島田氏によると、量子技術がもたらす経済効果は、2035年までに300兆円の規模に成長するという。これを踏まえ、同氏は産業化を目標とした「量子技術による新産業創出協議会(Q-STAR)」を作り、代表理事を務めている。

Q-STARには、30社以上の会員企業がおり、6割以上がユーザー企業だという。この協議会の目的は、量子マーケット創造に向け、ユースケースを作ることだという。

  • Q-STAR(出典:東芝)

    Q-STAR(出典:東芝)

「量子技術で何ができるのか、誰もが今ひとつわからない。だから、われわれはユーザー企業と『こんなことができたらすごい』ということに挑戦する。常に、多数のユースケースの候補を用意しています。これは世界的に見ても、日本が先頭を走っています。それをテストベッドで実際に使えるように、産総研(産業技術総合研究所)にG-QuAT(量子・AI融合技術ビジネス開発グローバル研究センター)を作り、世界中の量子コンピュータを集めてそれをテストします」(島田氏)

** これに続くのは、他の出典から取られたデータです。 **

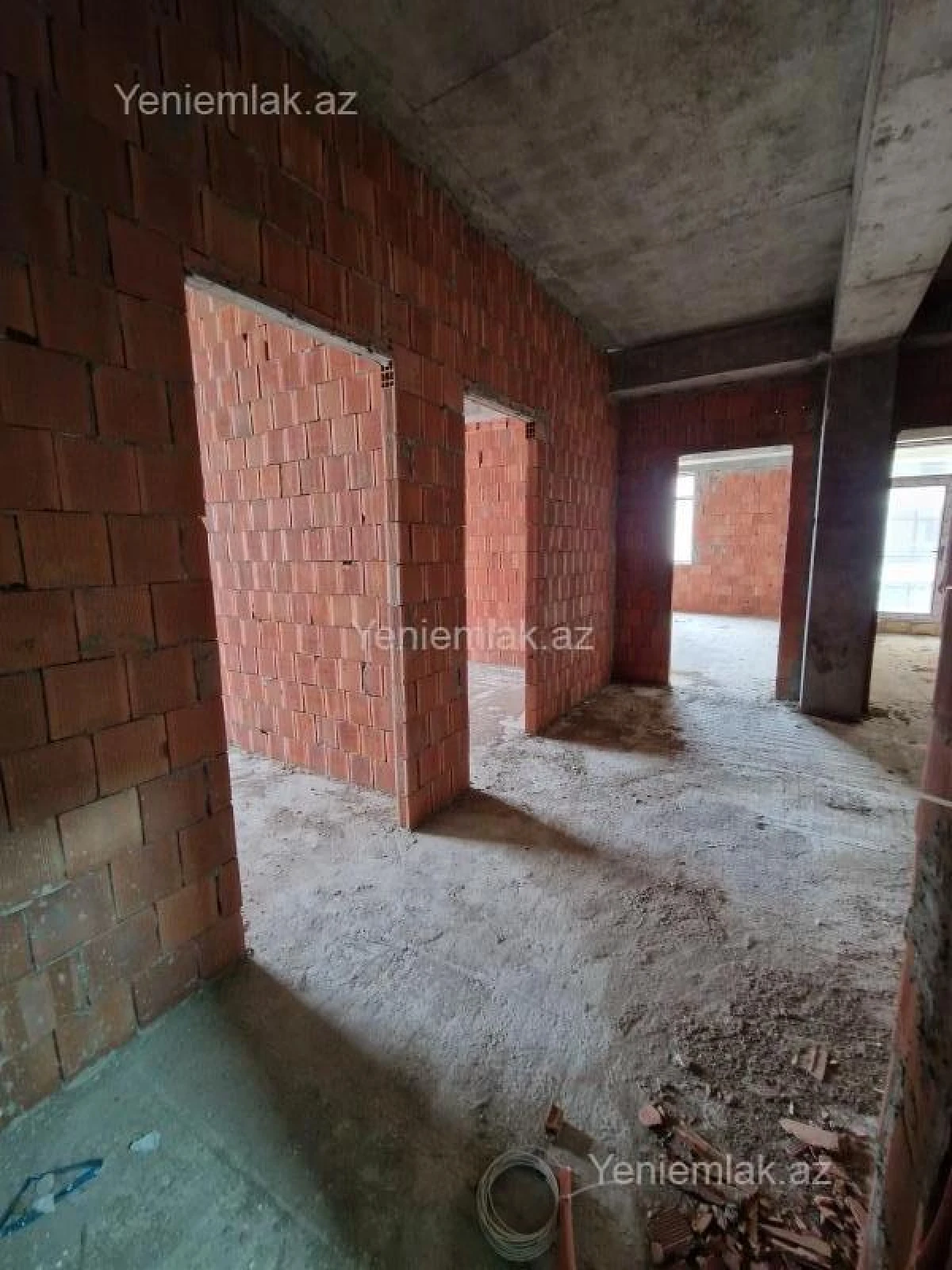 Satılır 3 otaqlı yeni tikili 116.5 m²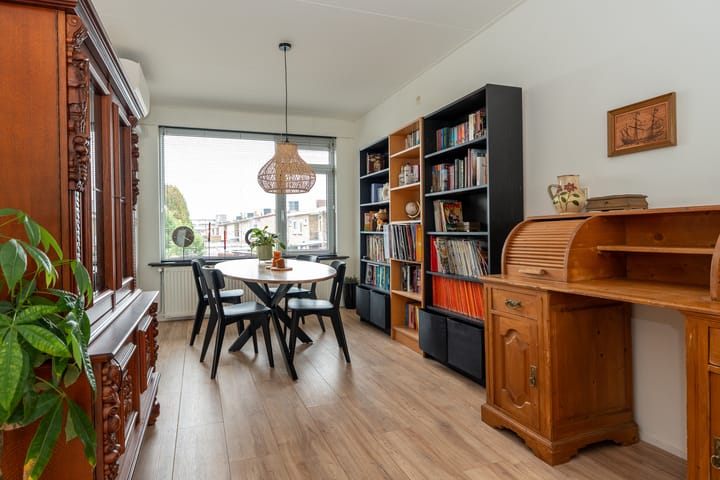 Photo 8 of Piet Heinlaan 34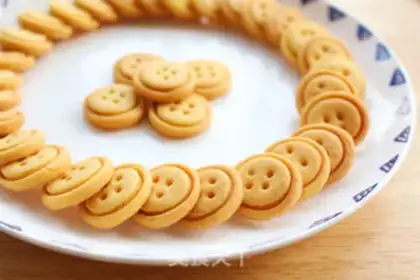 Make Button cookies step 9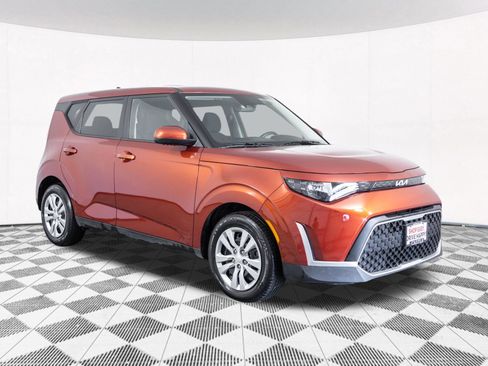 Used 2024 Kia Soul LX FWD image 19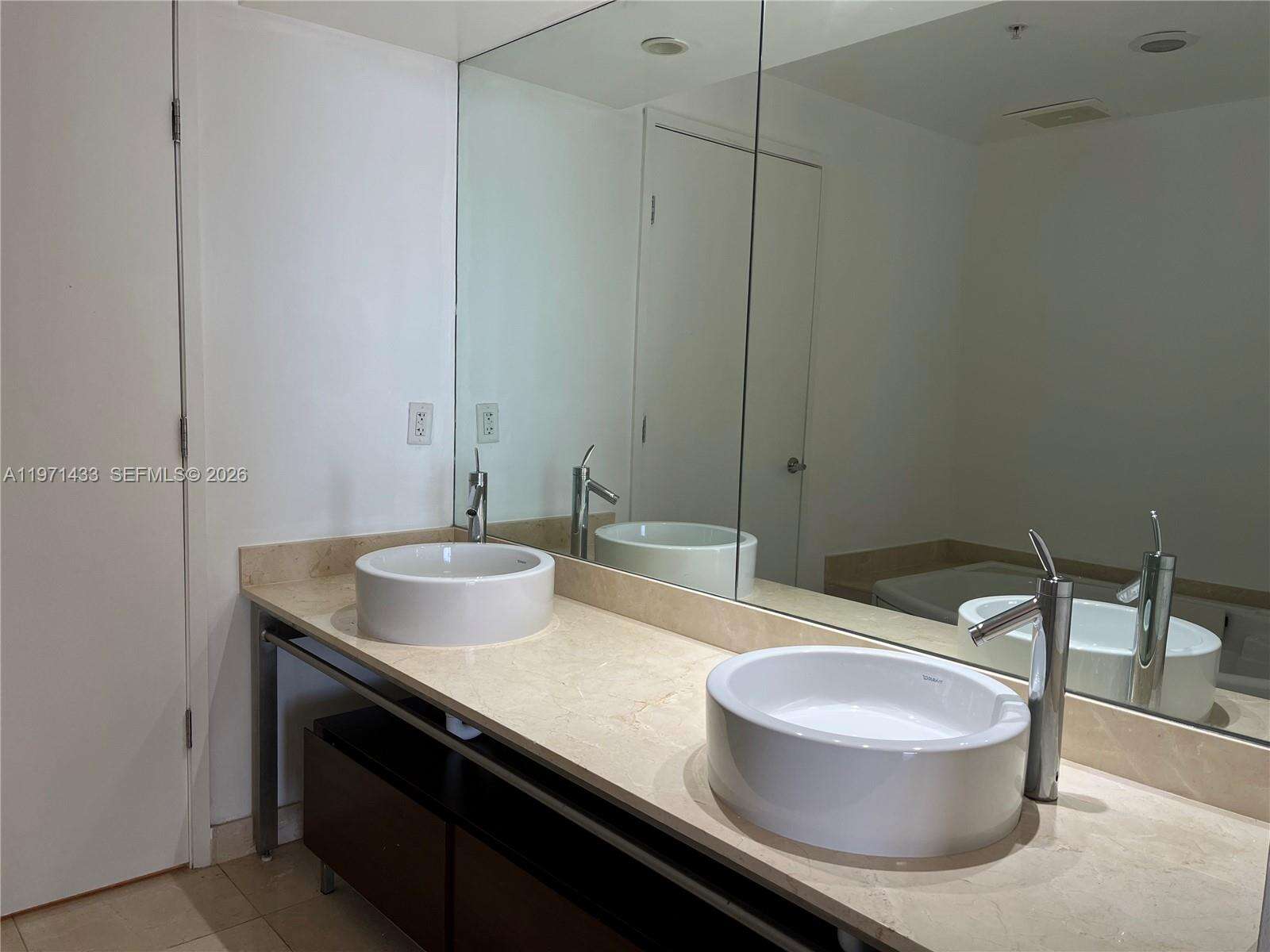 Sayan at 16275 Collins Ave, Sunny Isles Beach, FL 33160 - For Sale photo 12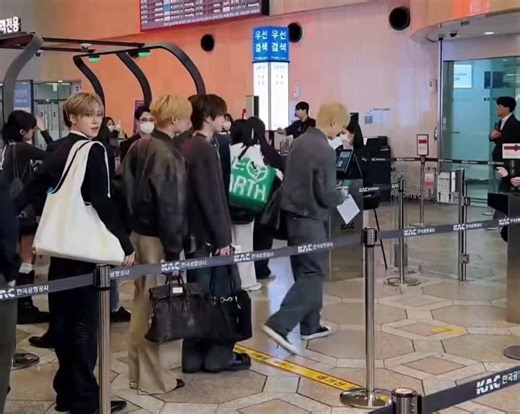 kittens following junseo-hyung when it should only be one person at a time ⸝⸝> ̫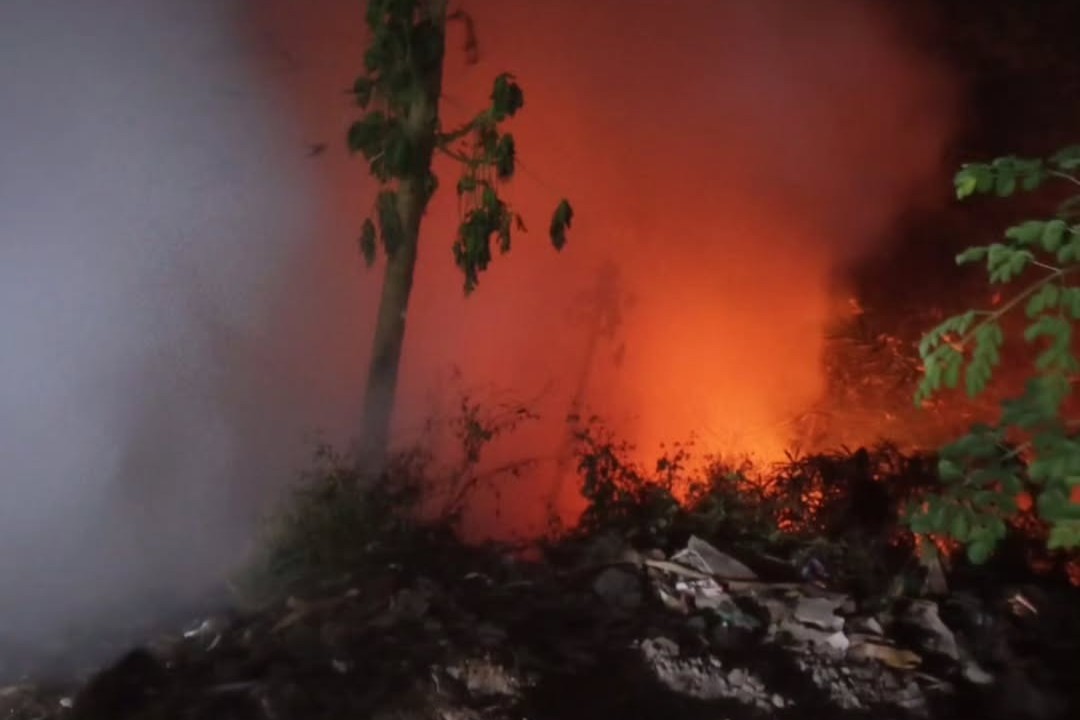 Lahan kosong di Banyumanik terbakar pada Senin malam 24 Agustus 2026 (foto: Polsek Banyumanik)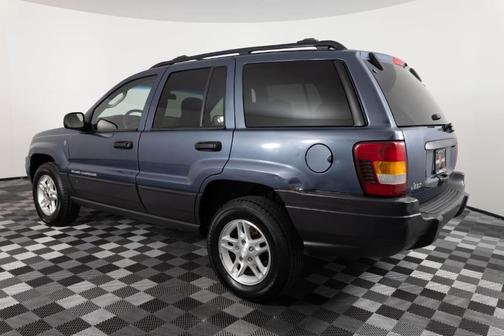 Midnight Blue Pearlcoat 2004 Jeep Grand Cherokee Laredo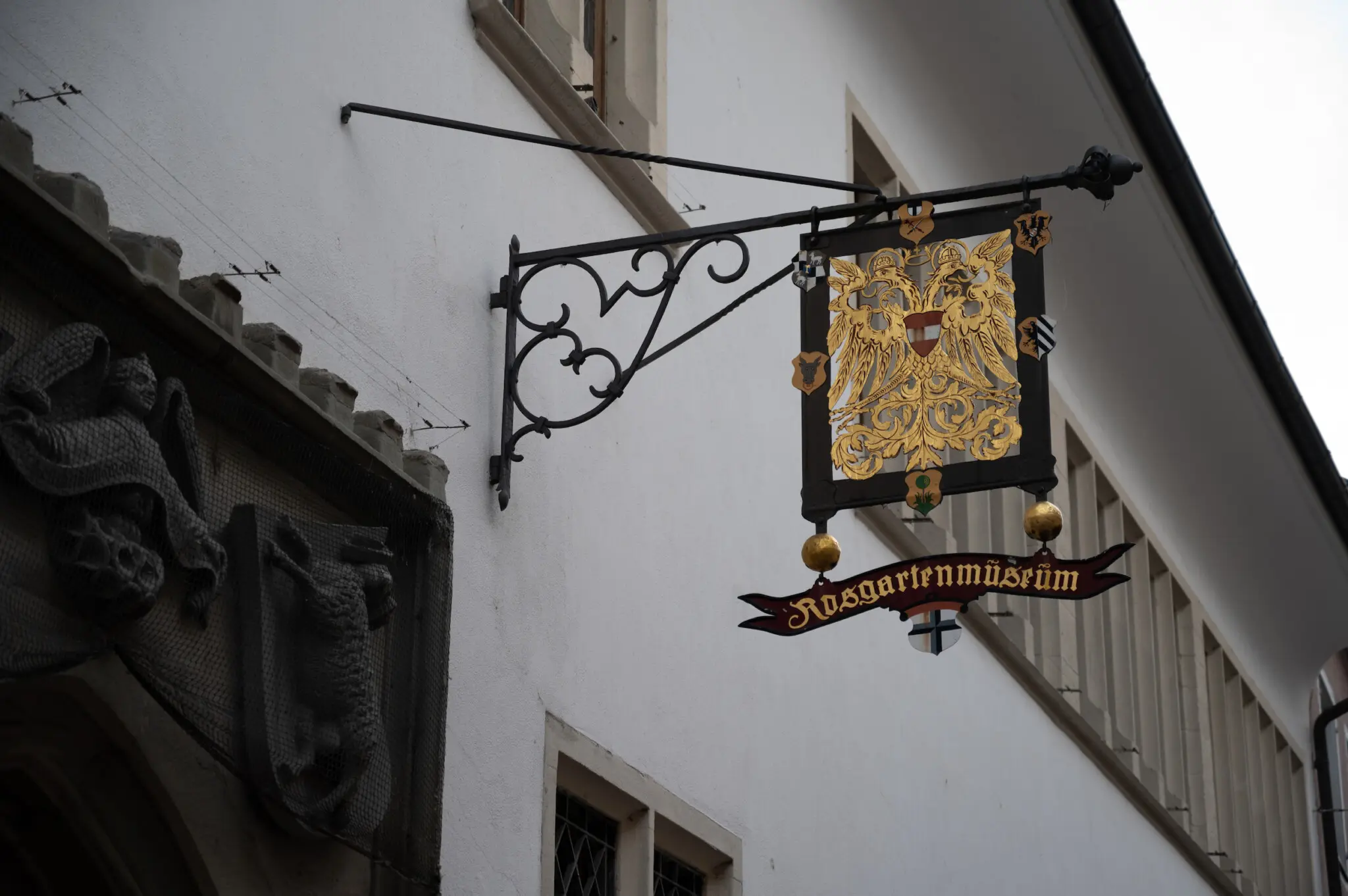 Auch das Rosgartenmuseum solltet ihr nicht verpassen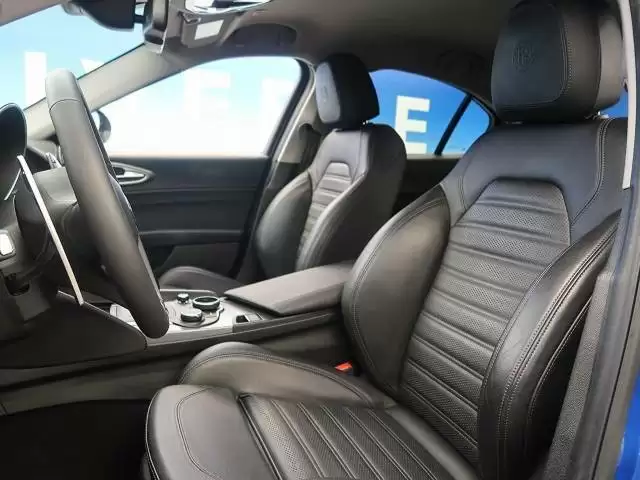 アルファロメオとは？実用性も兼ね備えたスポーツカーの魅力をご紹介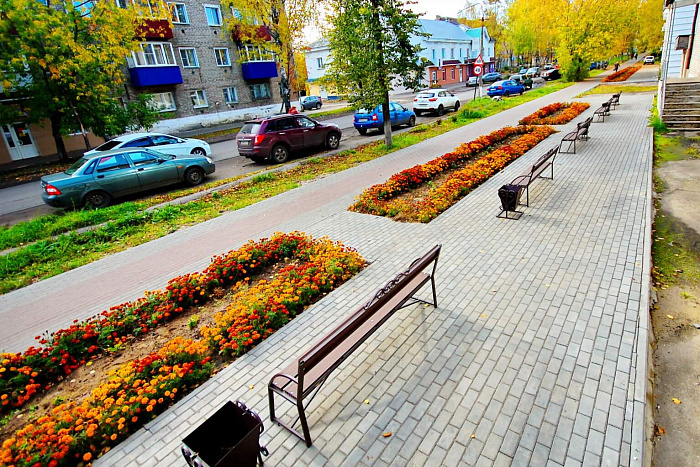 В Кирсе благоустроили тротуары и создали велопарковки у школ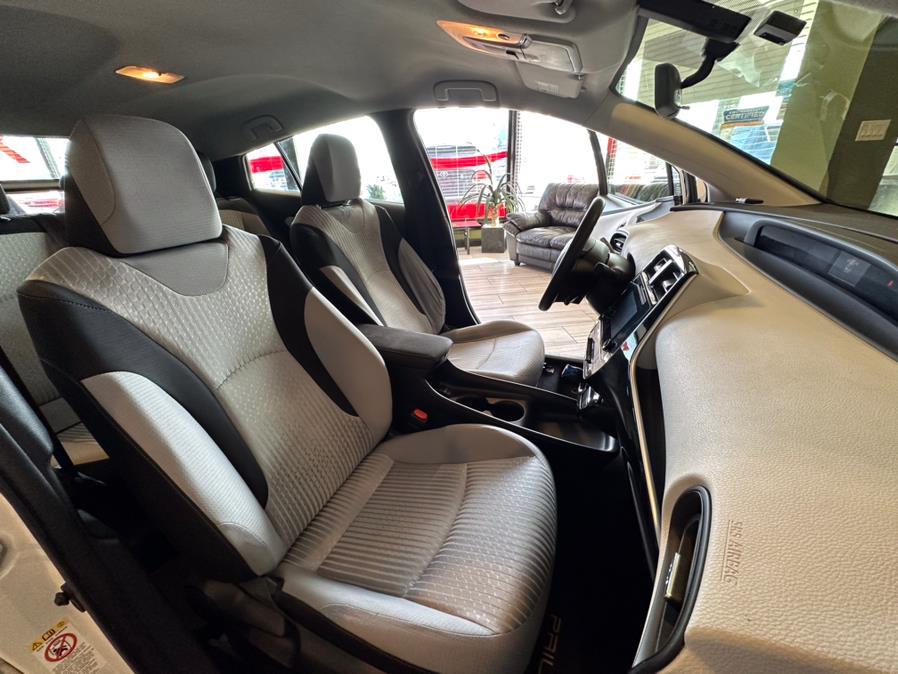 2016 Toyota Prius 5dr HB Two Eco (Natl), available for sale in West Hartford, Connecticut | AutoMax. West Hartford, Connecticut 2016 Toyota Prius 5dr HB Two Eco (Natl), available for sale in West Hartford, Connecticut | AutoMax. West Hartford, Connecticut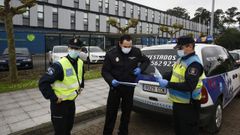Polic�a Nacional y Polic�a Local cooperan en Viveiro en controles y apoyo a la ciudadan�a por el COVID-19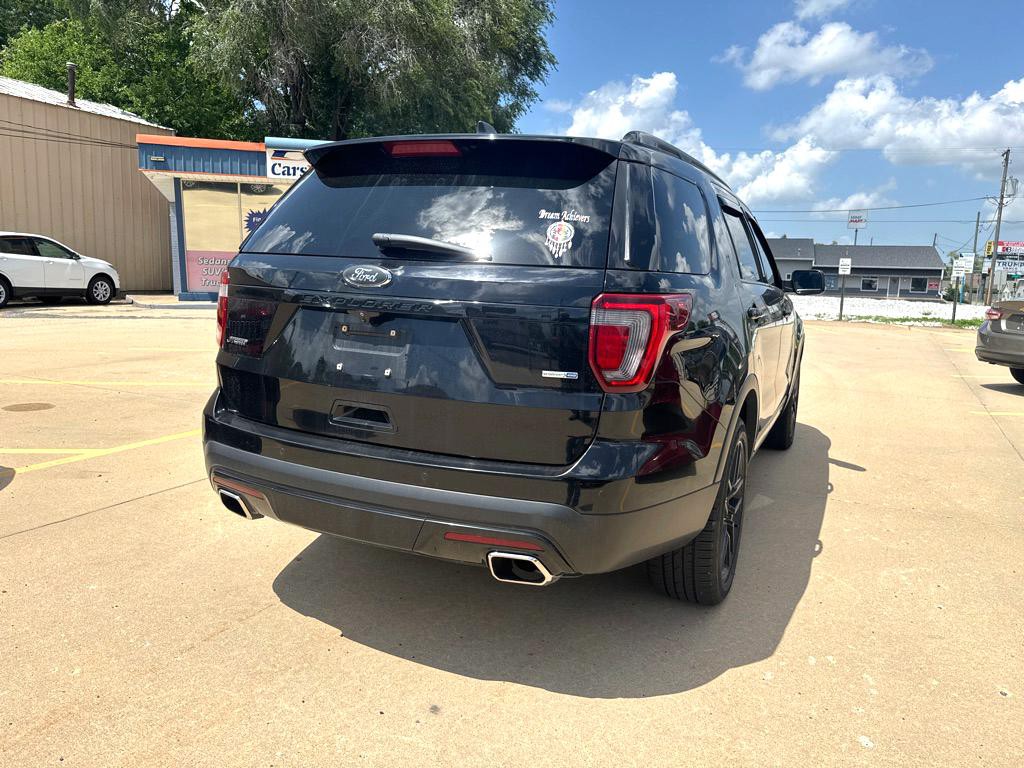 2017 Ford Explorer Image 4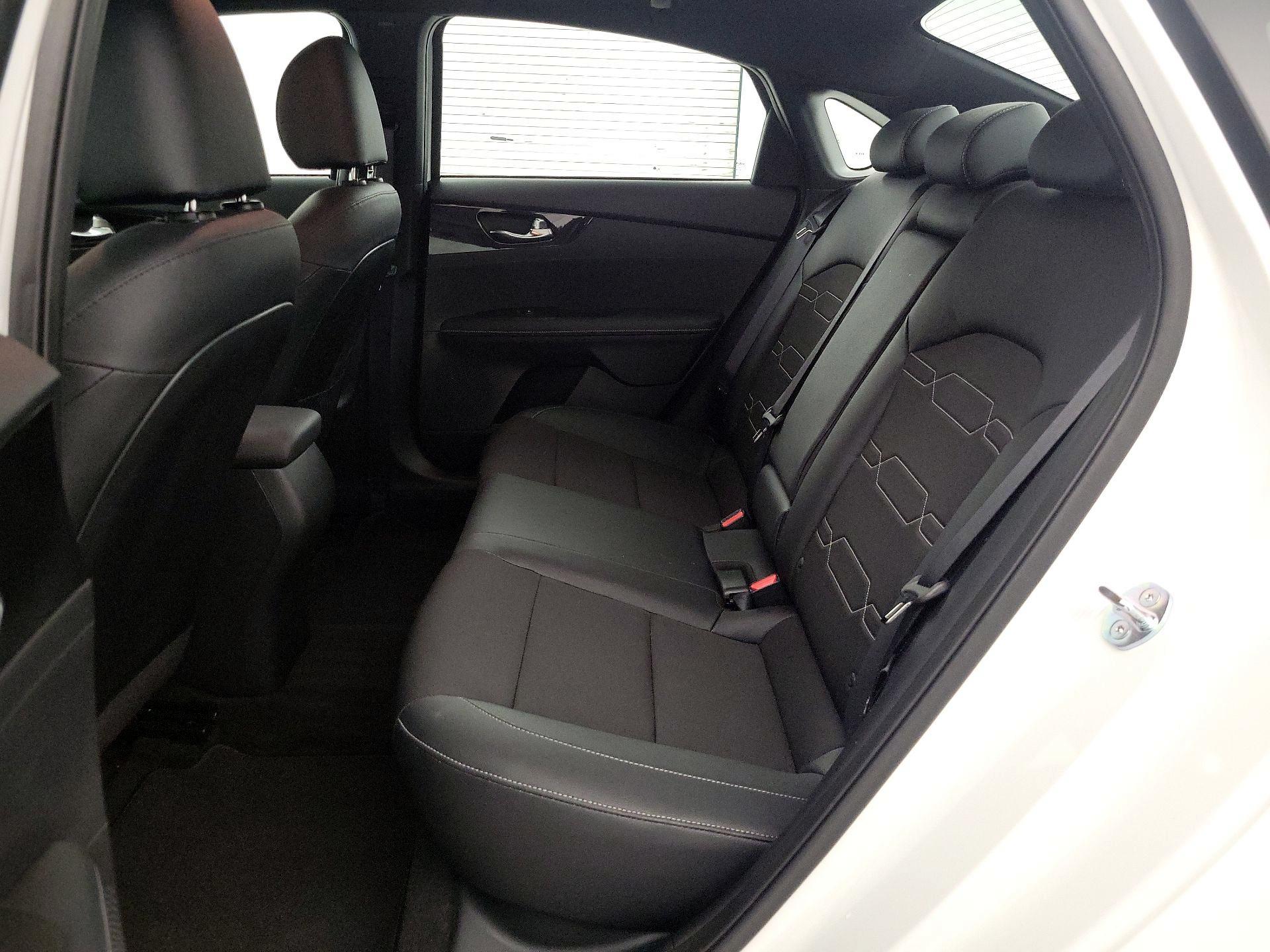 Thumbnail: 2024 Kia Forte - 19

そして島田氏は、量子コンピュータの標準化およびグローバルサプライチェーンの主導権確立に向けて一番大事なことは、ソフトウェアアーキテクチャだと強調した。

「ソフトウェアアーキテクチャを日本で整備して、提案しようとしています。結局、ソフトウェアのレイヤーはデジタル時代と同じです。量子コンピュータとはいえ、いつかはコモディティ化します。しかし、そのサービスレイヤーを握ったものが、次の時代の重要な役割の果たすことになるわけです」(島田氏)

  • Q-STARが掲げる3本の柱(出典:東芝)

    Q-STARが掲げる3本の柱(出典:東芝)

そして、同氏は最後に「量子コンピュータは難しそうだと思われるかもしれませんが、難しいのはコアの部分です。大部分はエンジニアリングです。ソフトウェアであり、アプリです。今のAIはかなりレッドオーシャンに来ていますが、(量子コンピュータの)ソフトウェアレイヤーで先行できれば、新たな道を選べると思っています」と述べ、講演を終えた。